++++ EXERCISE MATERIAL

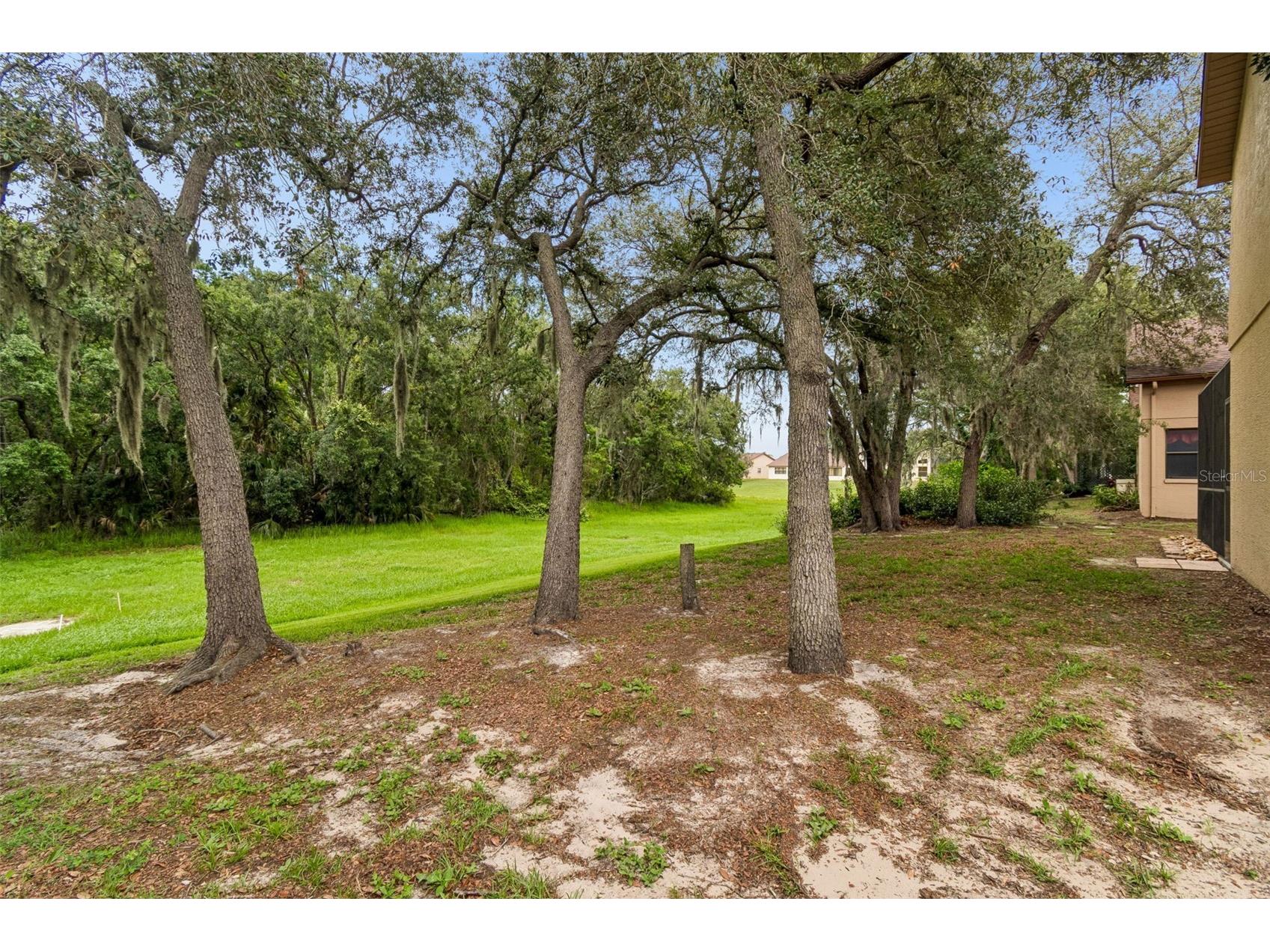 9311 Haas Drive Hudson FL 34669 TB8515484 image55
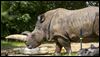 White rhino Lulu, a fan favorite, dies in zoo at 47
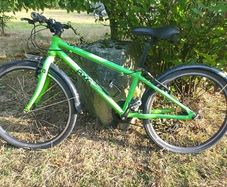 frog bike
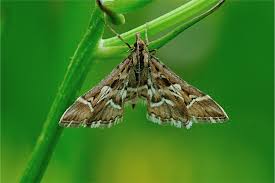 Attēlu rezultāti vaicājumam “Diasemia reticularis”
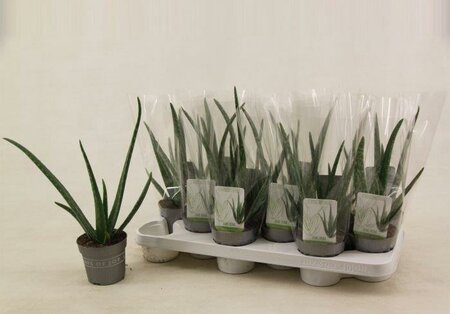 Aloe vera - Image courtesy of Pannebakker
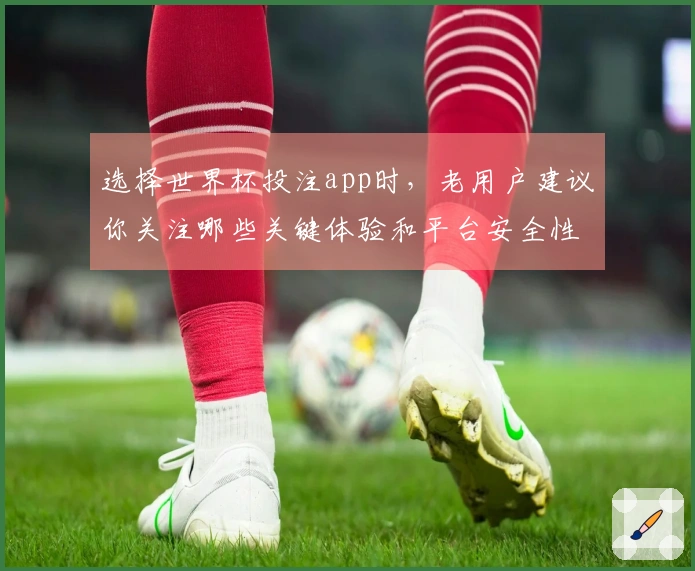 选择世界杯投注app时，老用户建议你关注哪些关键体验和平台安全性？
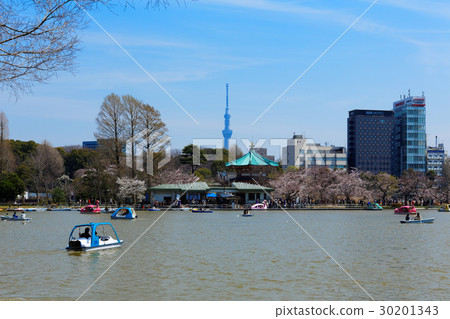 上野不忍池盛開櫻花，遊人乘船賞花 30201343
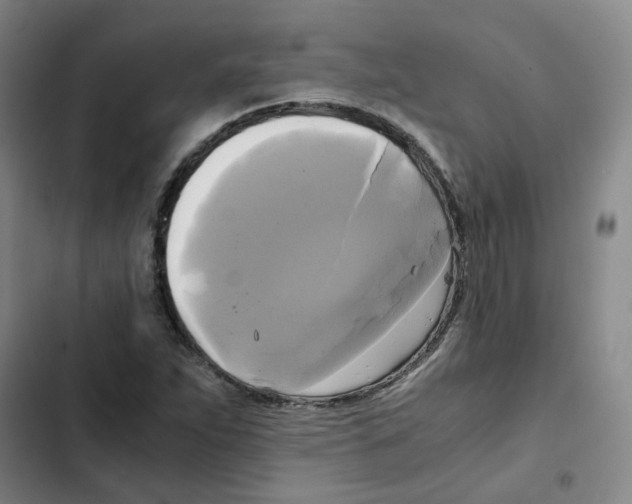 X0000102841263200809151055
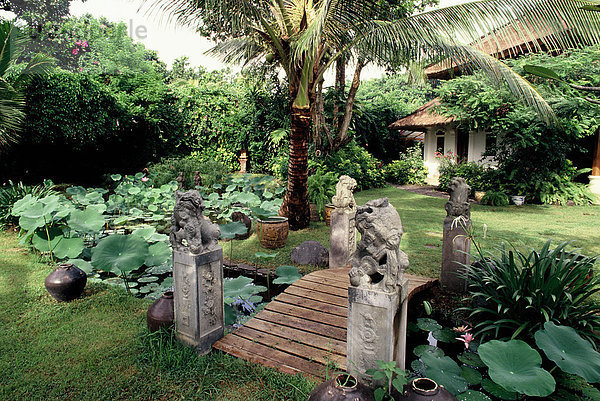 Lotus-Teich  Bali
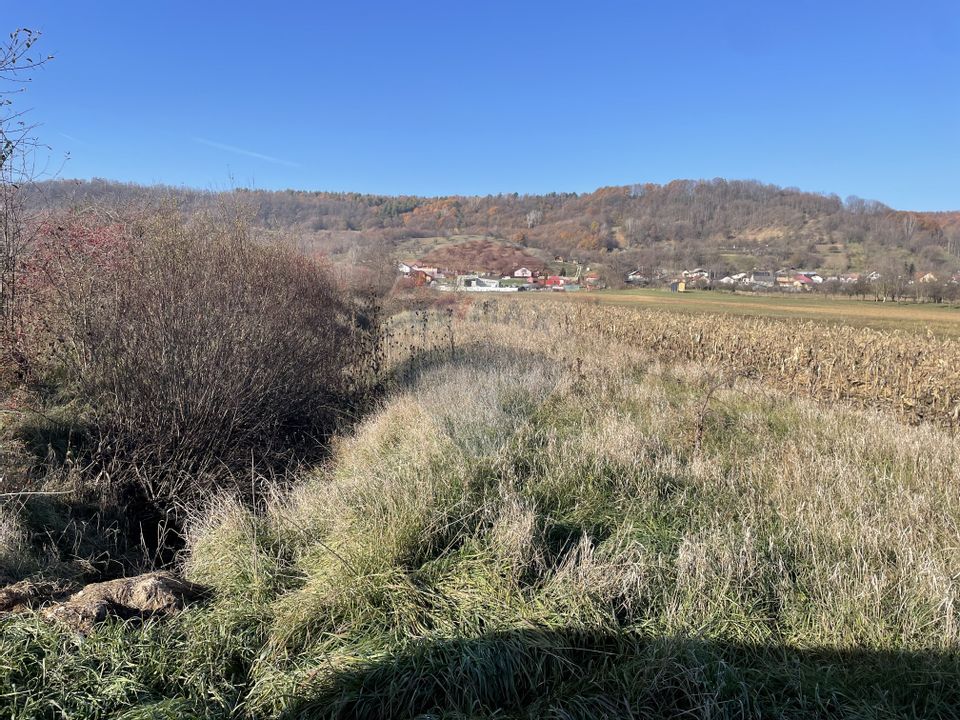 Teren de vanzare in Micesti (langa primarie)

++++++++
++++ EXERCISE MATERIAL

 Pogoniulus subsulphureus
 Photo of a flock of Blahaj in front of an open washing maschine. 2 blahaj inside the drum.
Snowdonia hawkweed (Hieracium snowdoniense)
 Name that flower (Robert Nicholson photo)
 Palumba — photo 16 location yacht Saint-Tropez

++++++++

§ **ACTION ITEM**: Although pictures appear among the records above, none are to be output; print exactly the lines from the line containing "9311 Haas Drive" through the line containing "Teren de vanzare in Micesti (langa primarie)".

§ **RESPONSE TO THE TASK**:
 9311 Haas Drive Hudson FL 34669 TB8515484 image55
 White rhino Lulu, a fan favorite, dies in zoo at 47
 frog bike
 Attēlu rezultāti vaicājumam “Diasemia reticularis”
 Aloe vera - Image courtesy of Pannebakker
 选择世界杯投注app时，老用户建议你关注哪些关键体验和平台安全性？
 上野不忍池盛開櫻花，遊人乘船賞花 30201343
 X0000102841263200809151055
 Lotus-Teich  Bali
 Teren de vanzare in Micesti (langa primarie)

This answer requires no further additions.